Balıkesir erenlerinden bir büyük zat var. "Barak Baba"... Bu zatı sevmeyen biri vardı ki, çirkin şeyler söylerdi hakkında. Hatta hızını alamayıp, hakaret dolu bir mektup yazıp gönderdi bir gün. Barak Baba, okuttu onu bir talebesine. Sükunetle dinledikten sonra, - Yaz! dedi. Ve özetle şu mektubu yazdırdı: "Muhterem kardeşim. Evet, sizin de buyurduğunuz gibi ben Rabbimin beğendiği gibi bir kul olamadım. Halbuki en büyük arzum bu idi. Ne olur, dua edin de, bu arzuma kavuşayım..." Sonra döndü talebesine: - Bunu o kimseye götür evladım! - Başüstüne hocam. Eyvaah! Ben n'aptım? Adam mektubu okuyunca, - Eyvaah! dedi kendi kendine. Ben ne yaptım? Bu zat, bizim gibi alelade bir insan değilmiş. Mahcup ve pişmandı. Dergaha koşup, diz çöktü önünde. - Affedin hocam. - Hayrola, ne oldu? - Hakkınızda yanlış fikre saplanmışım. Mübarek sevgiyle baktı ona. - Sen çok iyi bir insansın. Adam daha da şaşırdı. - İyi insan mıyım? - Evet. İyi biri olmasaydın, pişman olup bu kapıya gelmezdin. Ve ondan söz aldı - Sen şimdi söz ver.
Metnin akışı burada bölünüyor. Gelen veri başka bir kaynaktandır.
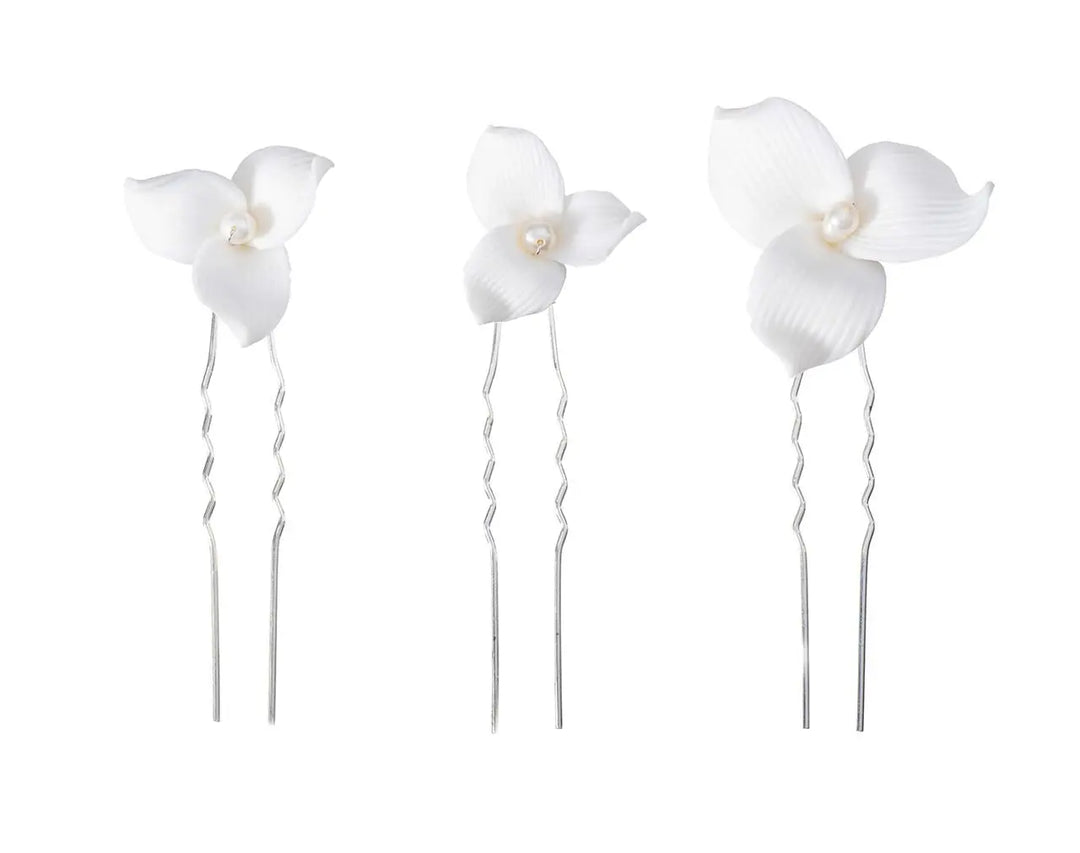 ÉPINGLE À CHEVEUX DE MARIÉE HP0426 – FLEURS EN CÉRAMIQUE & PERLES G.Westerleigh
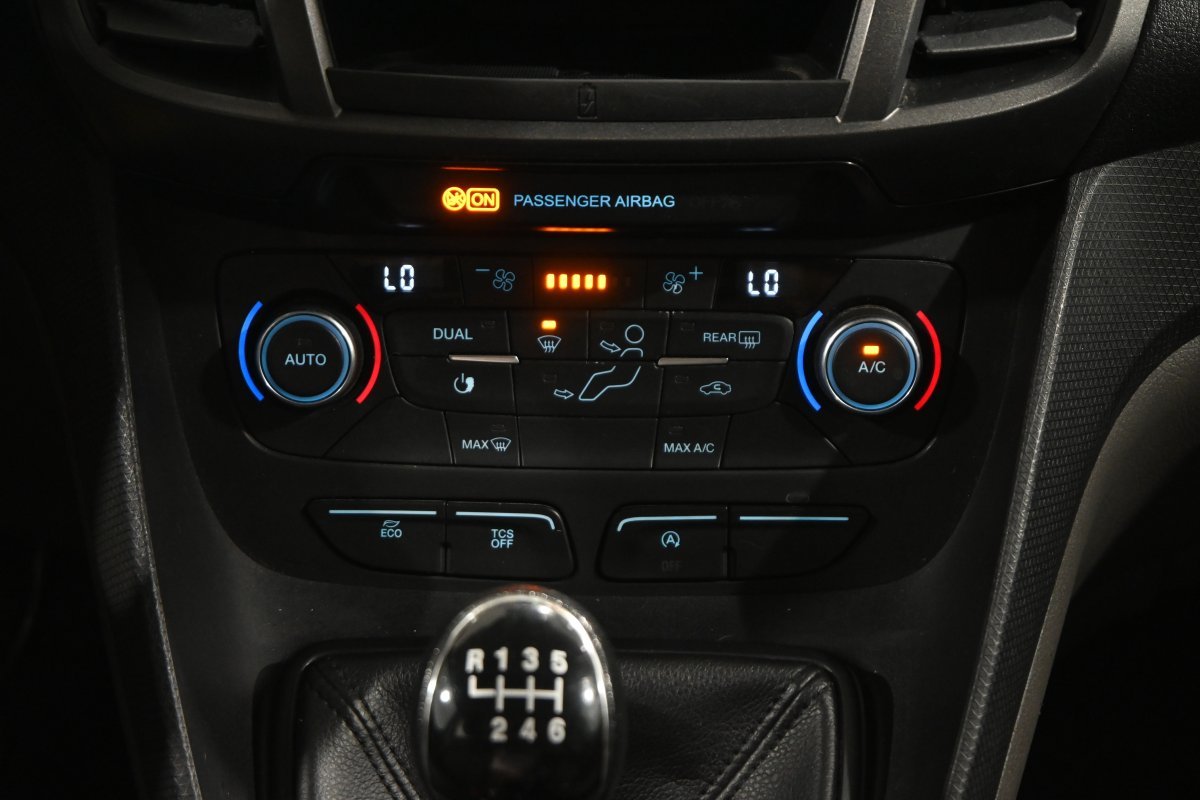 Foto Ford Tourneo Connect 15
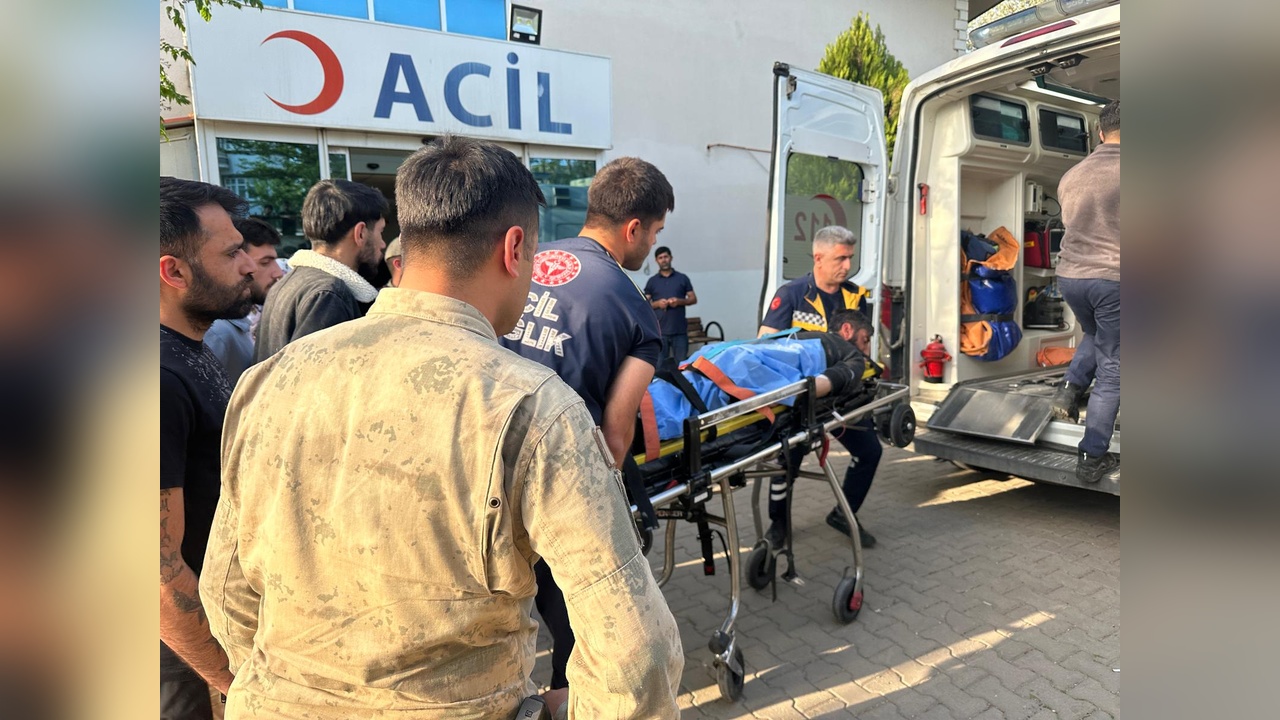 Diyarbakır'da Komşu Aileler Arasında Çıkan Kavgada 6 Kişi Yaralandı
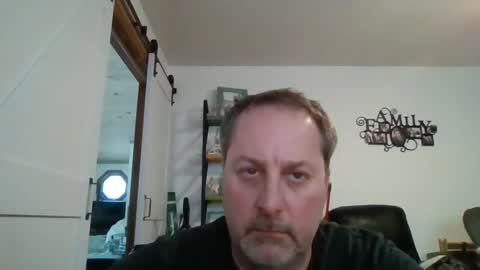 Snapshot of brettsky chatting on February 16, 5:26 pm hey online show from February 16, 5:26 pm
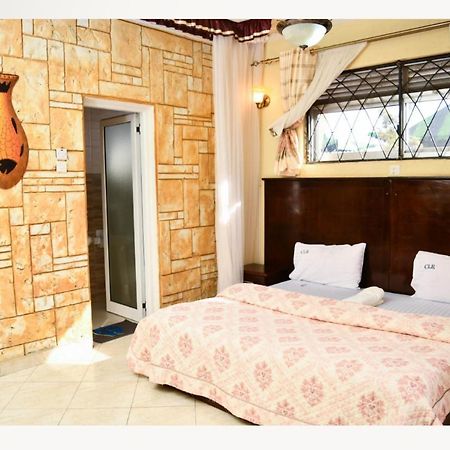 Country Lake Resort Garuga Entebbe Bagian luar foto
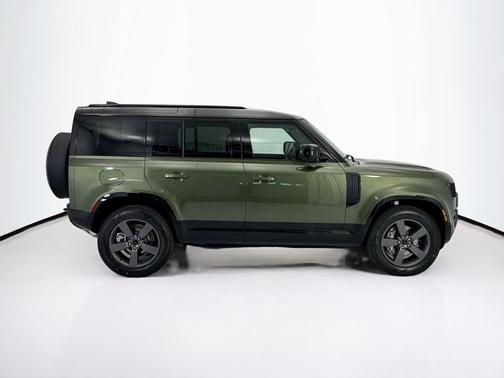 Woolstone Green Metallic 2026 Land Rover Defender P400 X-Dynamic SE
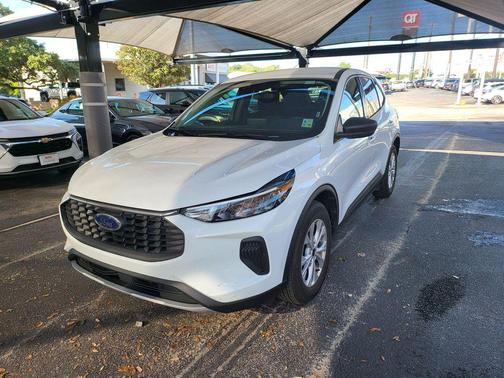 Oxford White 2025 Ford Escape Active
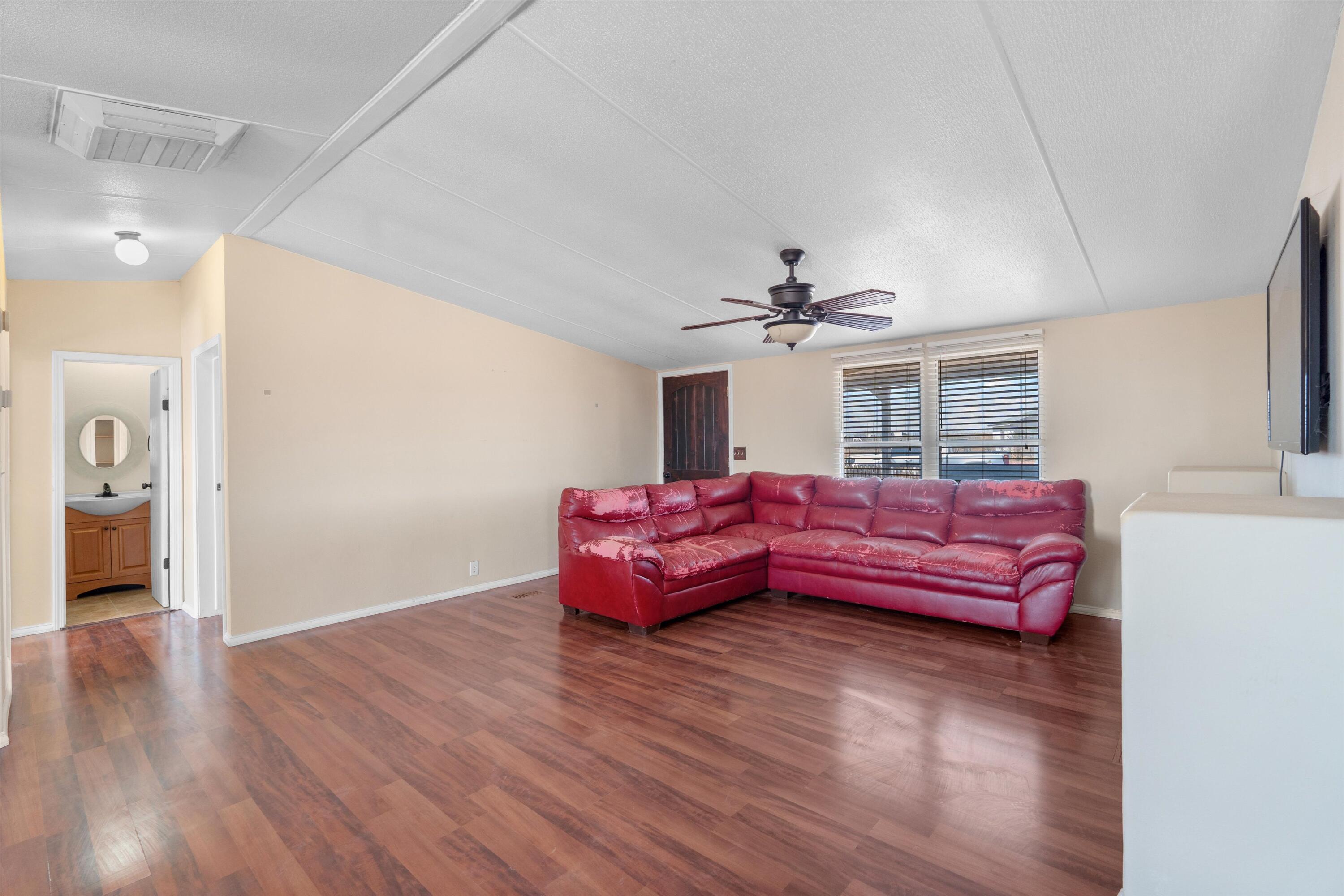 9 Colorado, Laguna, New Mexico image 7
Bana dua edecek misin? - Hem de ömür boyu. *** Biri sordu bu zata: - Huzurlu olmak istiyorum. Ne yapayım? - Günah işleme. - O zaman huzurlu olur muyum? - Evet. Huzursuzluk günah işlemekten olur. Ayağımız taşa takılsa, evde tabak kırılsa, işlediğimiz bir günah sebebiyledir. - Başka tavsiyeniz? - Kendini beğenme. Kendini beğenen huzurlu olamaz. - Başka hocam? - Şikâyetçi olma. Toprak gibi, paspas gibi ol. Görmez misin, bunlar ayaklar altında çiğnenirler de yine ses çıkarmaz, şikâyet etmezler.